Clothing sizes for women seem to be based on ego now, rather than standardization. I know I can wear a size six in some clothes but can be a 10 to 14 in other brands. What has happened – and why – is an intriguing tale that, I believe, is ready to be told.
In 1969, I was the first woman to show up wearing pants at my bank job in Halifax. I chose an Italian knit pantsuit from my closet because it was beautifully tailored to my then young, trim body. I was called into the bank manager’s office and cautioned: it was okay for today, but I should not make a habit of this attire. Our mothers and grandmothers never wore pantsuits. Pants were worn on the farm or maybe in the factory. Pants were never designed to fit women. Pants were men’s clothing. Our mothers wore housedresses at home – housedresses that were straight on the sides and never encouraged to show a female form.
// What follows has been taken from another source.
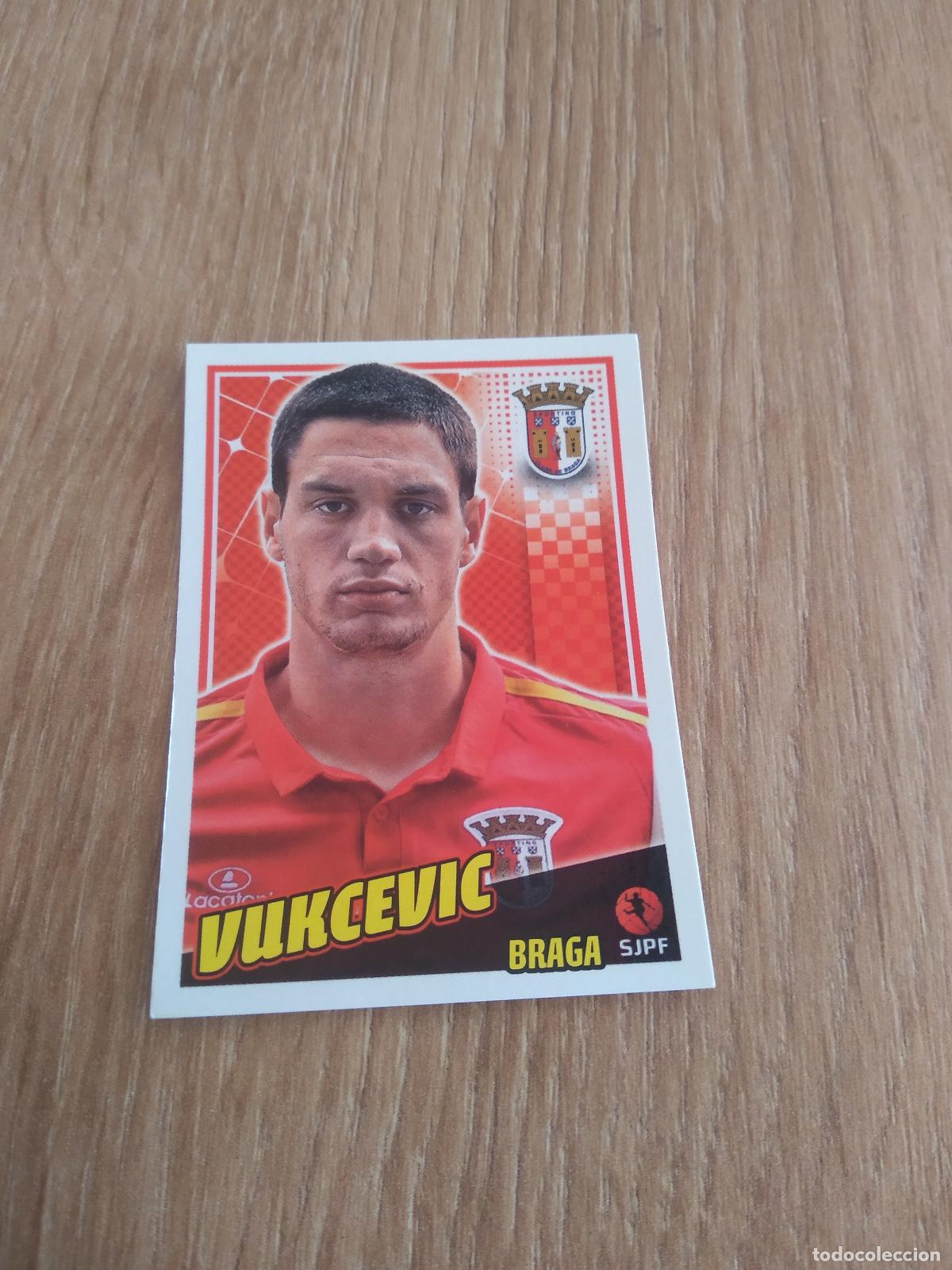 Cromos de F&uacute;tbol: 126 VUKCEVIC BRAGA CROMO FUTBOL PANINI LIGA PORTUGAL 2015-2016 FUTEBOL 15-16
Dress-up occasions and social functions meant a fitted dress, but under this dress was a full-length corset or a girdle. My, how we’ve changed.
Yes, we are true pioneers for the fashion marketplace. Women in their 60s and 70s are now much more vibrant and active than in previous generations and would like to own clothes that fit their lifestyle. We exercise, travel and work in a new world. We don’t wear cotton stockings and laced leather oxfords, but manufacturers don’t seem to understand what to do to make the clothes they design fit our mature bodies. We simply aren’t ready for polyester pants with elastic waistbands!